The slick part of this little sample, though, is binding.

When you run the sample, you get some text that tells you the size of the Flex app (which is the size of the client area of the browser window), and the current mouse position.

The size of the Flex app is included by using the curly brace notiation for binding.  Almost anywhere you can specify a value, you can include curly braces and embed ActionScript code, and the result of that code will replace the curly braces and their content.

So,

"The container size is {Application.application.width} x {Application.application.height}"

becomes:

"The container size is 1276 x 878."

And as you change the window size, the values update.  Notice there's no code at all for updating these values?  The curly brace syntax sets up listeners that listen for changes to the properties being bound to.

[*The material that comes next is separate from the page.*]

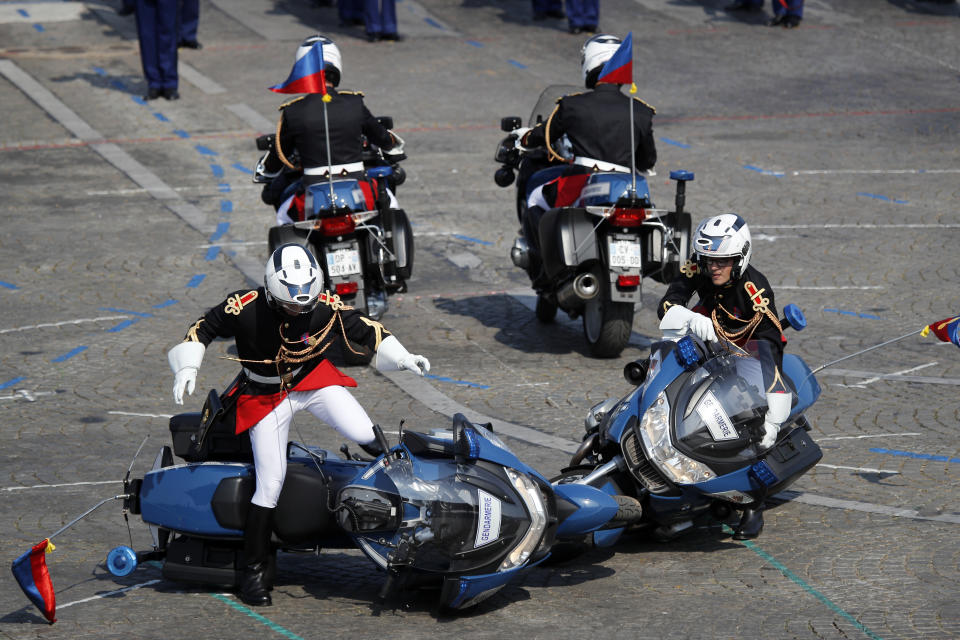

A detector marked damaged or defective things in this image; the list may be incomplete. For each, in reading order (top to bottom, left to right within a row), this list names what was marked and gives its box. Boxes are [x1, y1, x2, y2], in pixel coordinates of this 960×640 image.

crashed bike [496, 83, 688, 358]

The next bit is a little tricker, because the mouseX and mouseY values are special values that are updated by the Player, not by ActionScript code - so you can't listen to them using the curly brace syntax.  So instead, I have code in the Application tag that, when the mouse moves, updates some variables.

mouseMove="myMouseX=event.stageX; myMouseY=event.stageY"

So whenever the mouse moves, these two variables are updated - and because these variables are declared using the [Bindable] attribute:

[Bindable]
private var myMouseX:int = mouseX;
[Bindable]
private var myMouseY:int = mouseY;

You can listen to them.  That's how "Your mouse cursor is at {myMouseX},{myMouseY}" becomes "Your mouse cursor is at 231,455".